### WHAT THE TASK REQUIRES
When you reach the line containing "Gold (43306) №7" in the records below, start copying exactly, and stop once you have copied the line containing "FORLOH Youth Thermoneutral".

### TASK INPUTS
━━━━━━━━━━━━━━━━

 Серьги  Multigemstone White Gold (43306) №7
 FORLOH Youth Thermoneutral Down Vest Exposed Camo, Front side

━━━━━━━━━━━━━━━━

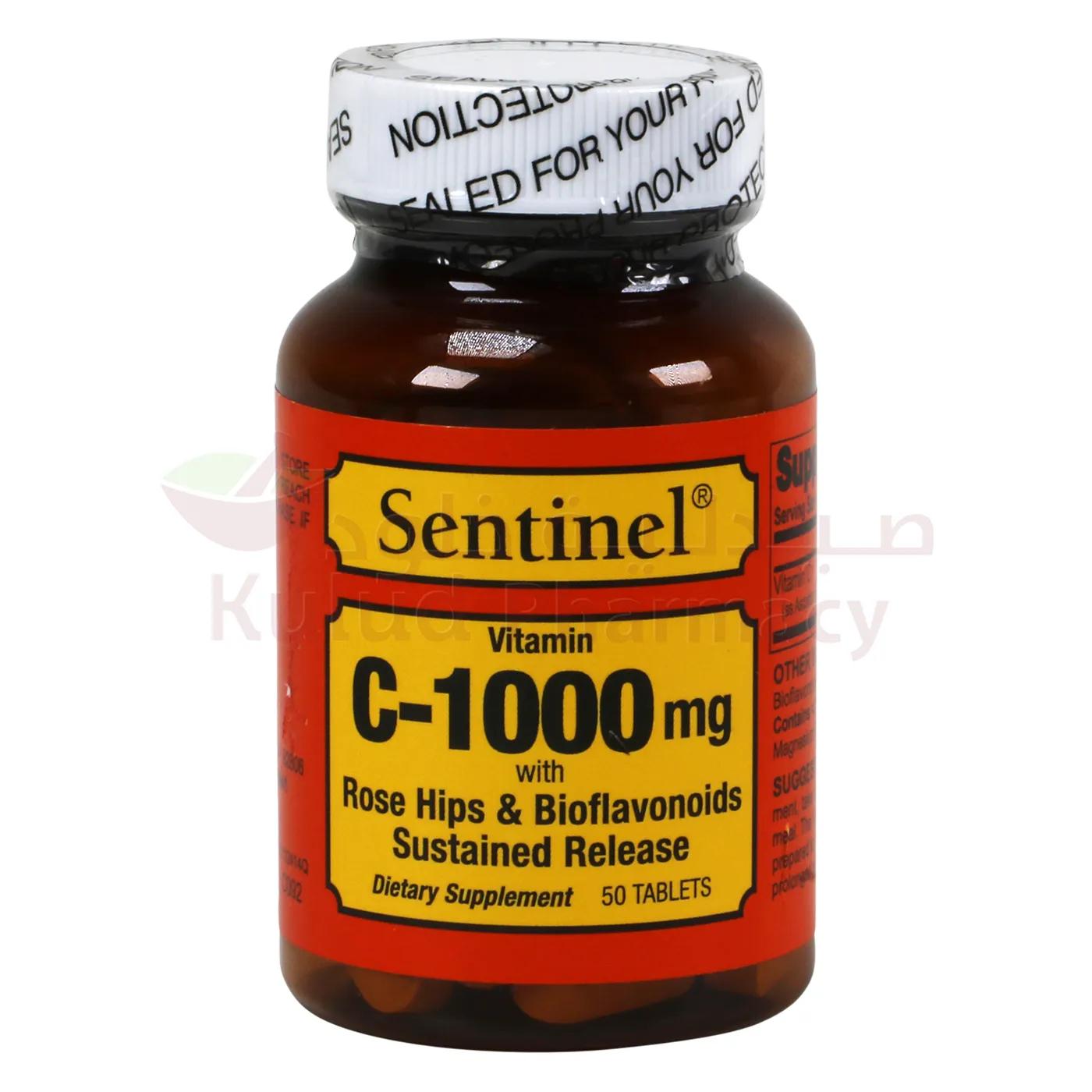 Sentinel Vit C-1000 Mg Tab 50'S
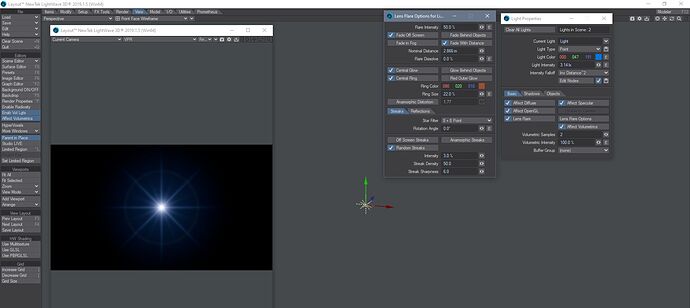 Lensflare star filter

━━━━━━━━━━━━━━━━

### TASK RESPONSE
 Серьги  Multigemstone White Gold (43306) №7
 FORLOH Youth Thermoneutral Down Vest Exposed Camo, Front side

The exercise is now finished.